Le niveau élevé de soutien à des personnalités telles que Milei et Bullrich confirme le terrain idéologique gagné par les élites. Le discours néolibéral a pénétré profondément et se reflète dans des idées populaires telles que “ceux qui ne travaillent pas sont paresseux” et que pour prospérer dans la vie, on n’a pas besoin de l’État, l’effort individuel suffit. En conséquence, le rejet des pauvres, le racisme et le manque de conscience politique sont renforcés, ce qui constitue l’un des principaux carburants permettant aux candidats de la droite argentine d’espérer remporter les élections.

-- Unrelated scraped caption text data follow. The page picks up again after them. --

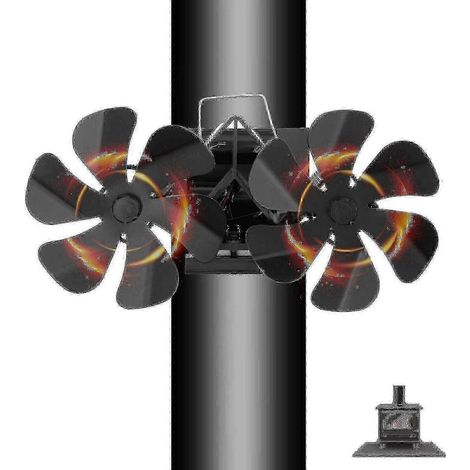 Ventilateur de cheminée à double tête 6, 12 pales pour chauffage écoénergétique, édition 0107 (1/5)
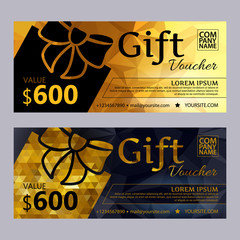 Gift voucher template set with mosaic background.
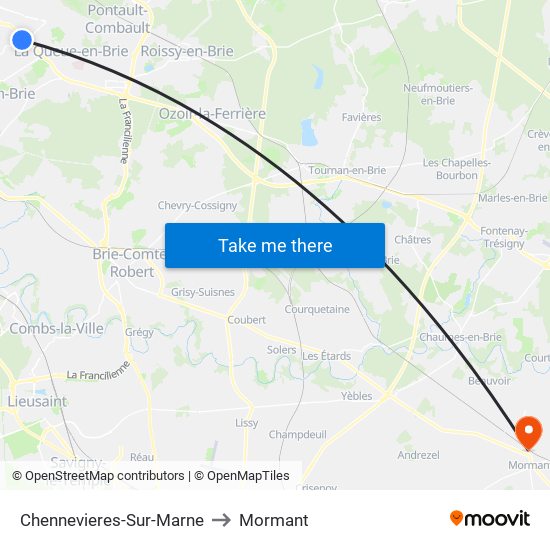 Chennevieres-Sur-Marne to Mormant map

Les actes grotesques de Milei avec une tronçonneuse, criant comme un fou, promettant des coupes dans l’État et dans ce qu’il appelle la “caste” politique, excitent les masses qui le suivent et qui ne s’identifient à aucun idéal social impliquant la défense de la dignité humaine ou de l’environnement. En effet, il est courant d’entendre de la part de nombreux jeunes entre 16 et 24 ans (en Argentine, le droit de vote commence à l’âge de 16 ans), “on s’en fout de tout, que tout aille au diable, je vote quand même pour Milei”. Comme s’il s’agissait d’une pulsion de mort ou d’autodestruction, l’Argentine marche sur un fil et risque de tomber dans une profonde crise morale, économique et sociale dont elle aurait beaucoup de mal à se remettre.

Le troisième candidat présidentiel ayant une chance d’accéder au second tour est le péroniste Sergio Massa, auquel s’identifient de nombreuses petites et moyennes entreprises, économies régionales et syndicats. Massa est soutenu par Cristina Fernández de Kirchner, par la Confederación General de Trabajadores (CGT), par d’autres syndicats liés à la défense du public et par les secteurs intermédiaires.

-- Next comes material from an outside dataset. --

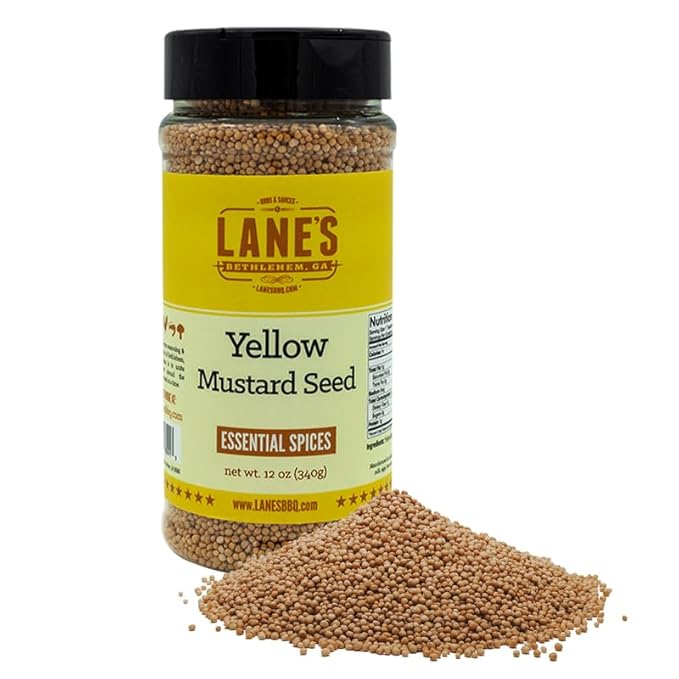 Lane's Yellow Mustard Seed Spice, All-Natural Yellow Mustard Seeds Whole, Perfect for Cooking and Homemade Seasonings Made in USA, 12 Oz (340g)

L’enjeu de ces élections en Argentine est la démocratie, entendue comme le gouvernement des majorités et le bénéfice des majorités elles-mêmes. Si les propositions qui promeuvent une régression sociale sans précédent triomphent, elles seront sans aucun doute mises en œuvre avec une répression policière accrue et une persécution judiciaire des dirigeants politiques et sociaux qui résistent aux politiques néolibérales. En résumé, le 22 octobre 2023 représente une bataille électorale qui oppose la démocratie péroniste à l’autoritarisme néolibéral.